*COLLECTED MATERIAL*:
=======
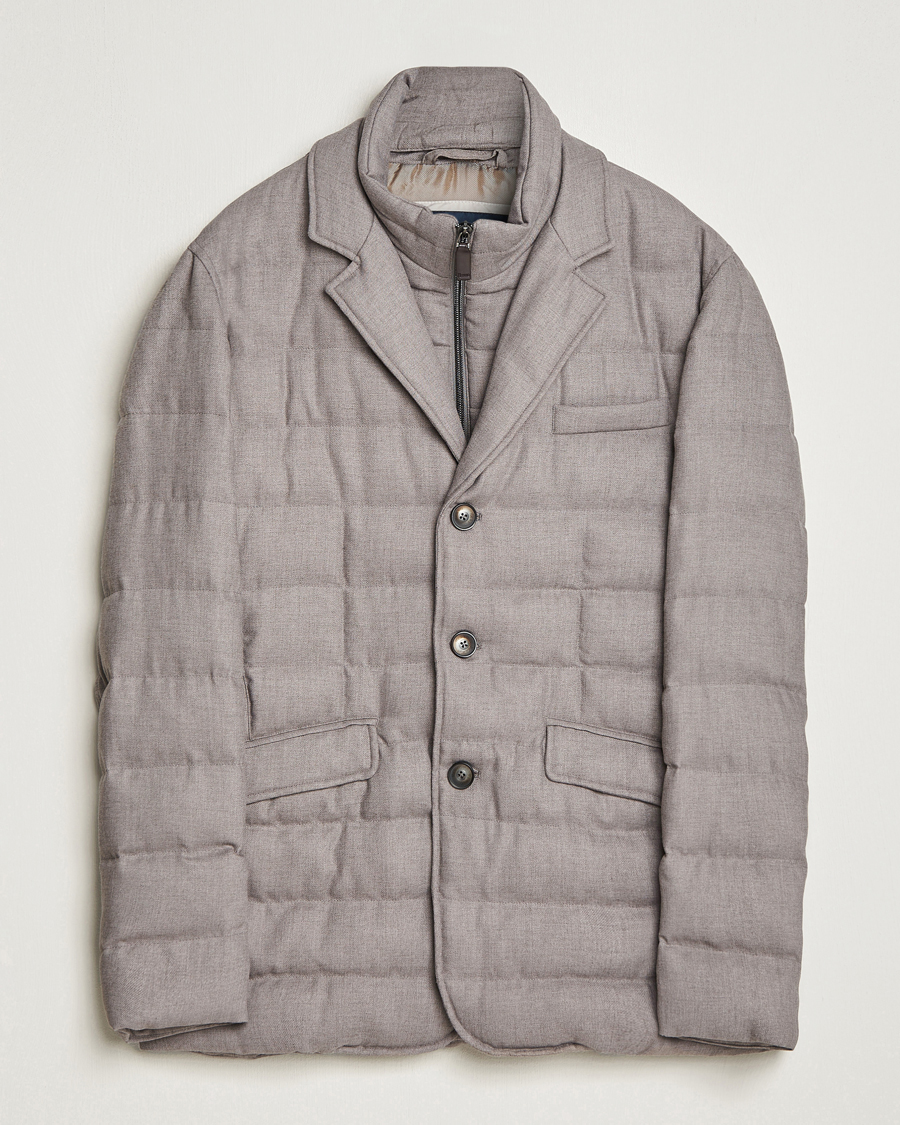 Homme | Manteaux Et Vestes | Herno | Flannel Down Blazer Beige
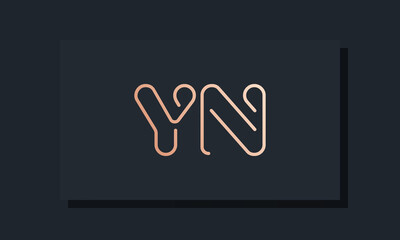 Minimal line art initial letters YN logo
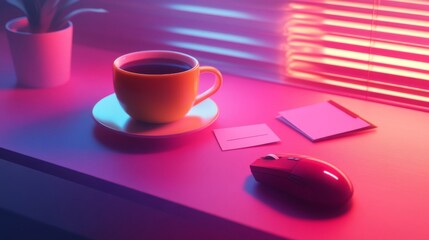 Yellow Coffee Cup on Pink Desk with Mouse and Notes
=======
The lines to copy run from the one with "Minimal line art initial letters YN logo" through the end of the material. Write them out exactly, leaving out the pictures.

*RESULT OF THE EXERCISE*:
 Minimal line art initial letters YN logo
 Yellow Coffee Cup on Pink Desk with Mouse and Notes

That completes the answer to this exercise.